HTTPArchive / almanac.httparchive.org

HTTP Archive's annual "State of the Web" report made by the web community
https://almanac.httparchive.org
Apache License 2.0
613 stars 175 forks source link

Translate content to Dutch #1750

Open tunetheweb opened 3 years ago

tunetheweb commented 3 years ago

These are the core templates - without which we cannot release any translated chapters. They are in the language specific templates directory:

2022

2021

2020

2019

These are the chapters to be translated, in rough order of popularity. They exist in the content directory:

2022

2021

2020

2019

Additionally the following pages need translated too in the language specific templates directory:

There is no need to translate the chapters HTML pages as they are generated off the markdown combined with the above templates.

Please include "Makes progress on #1750" in all pull requests so a link is created from the PR to this issue.


Common notes for writing consistency are here: https://github.com/HTTPArchive/almanac.httparchive.org/wiki/Translators'-Guide. Feel free to edit that and/or add Dutch-specific extras by editing this comment.

Dutch specific extra advice:

strangernr7 commented 3 years ago

So the html files don't need to be translated right? Just the files under 2020, 2019 and additional files?

tunetheweb commented 3 years ago

The core html files DO need to be translated.

The chapter HTMLs not shown above (e.g. performance.html) do not need to be translated as they are generated from the markdown (e.g. performance.md). We used to store these generated chapter HTML files in git, but no longer do so probably can remove the statement related to that as probably more confusing than useful. Then again if you run the site locally (see instructions in src/README.md) then it will generate these files but they can be ignored from translation point of view.

That make sense, or have a just confused you more than helped? 😀

strangernr7 commented 3 years ago

alright, nah that helped thanks

rviscomi commented 3 years ago

@noah-vdv thanks for your help translating this content! I see the base templates have been checked off. Have those translations been submitted yet?

strangernr7 commented 3 years ago

@noah-vdv thanks for your help translating this content! I see the base templates have been checked off. Have those translations been submitted yet?

No problem. I have checked them off indeed but realized that I might have translated bits that didn't need translating and totally forgot to check if some pieces needed the tags. So I'll double-check those html files and get a PR out on Thursday hopefully.

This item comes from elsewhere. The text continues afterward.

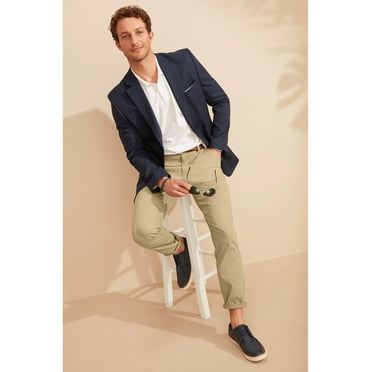 Mens Cotton Chino Pants Slim Fit Casual Stretch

tunetheweb commented 3 years ago

Feel free to open a draft PR for now and I can give feedback.

To @rviscomi ’s point we normally put your name beside something you’re working on (so others don’t work on it too) but only tick it off after PR is accepted to show its “done”. I’ve updated the first comment to that now.

tunetheweb commented 3 years ago

BTW since you've done the base templates we're ready to send this language live so (at the risk of making this PR even bigger!) can you add Dutch to server/language.py (lines 45-54) and also add nl to supported_languages in config/2019.json and config/2029.json?

strangernr7 commented 3 years ago

Should I translate content such as First Input Delay or keep it as is?

tunetheweb commented 3 years ago

Should I translate content such as First Input Delay or keep it as is?

I would say not as it's a technical term. Not quite code, but close enough. Maybe add the Dutch translation after first time it's used.

strangernr7 commented 3 years ago

What has changed in the 2020 base.html file for it to be translated?

tunetheweb commented 3 years ago

Oh. Looks like you already got the foreword. Most languages didn't. Will remove that one!

Did you see there were some changes to Markup chapter?

strangernr7 commented 3 years ago

Oh. Looks like you already got the foreword. Most languages didn't. Will remove that one!

Did you see there were some changes to Markup chapter?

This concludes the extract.